Input data -
-.-.-

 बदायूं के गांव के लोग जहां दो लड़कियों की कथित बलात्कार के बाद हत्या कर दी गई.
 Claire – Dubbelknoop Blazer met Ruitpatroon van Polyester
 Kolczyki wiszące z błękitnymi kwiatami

-.-.-

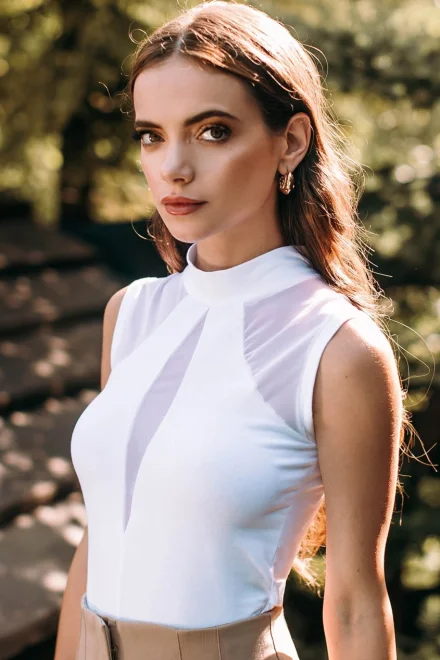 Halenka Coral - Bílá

-.-.-

Exercise description - I'd like the lines above from the one with "Claire – Dubbelknoop" up to and including the one with "Kolczyki wiszące z błękitnymi kwiatami" copied exactly, with no other lines.

Answer space -
 Claire – Dubbelknoop Blazer met Ruitpatroon van Polyester
 Kolczyki wiszące z błękitnymi kwiatami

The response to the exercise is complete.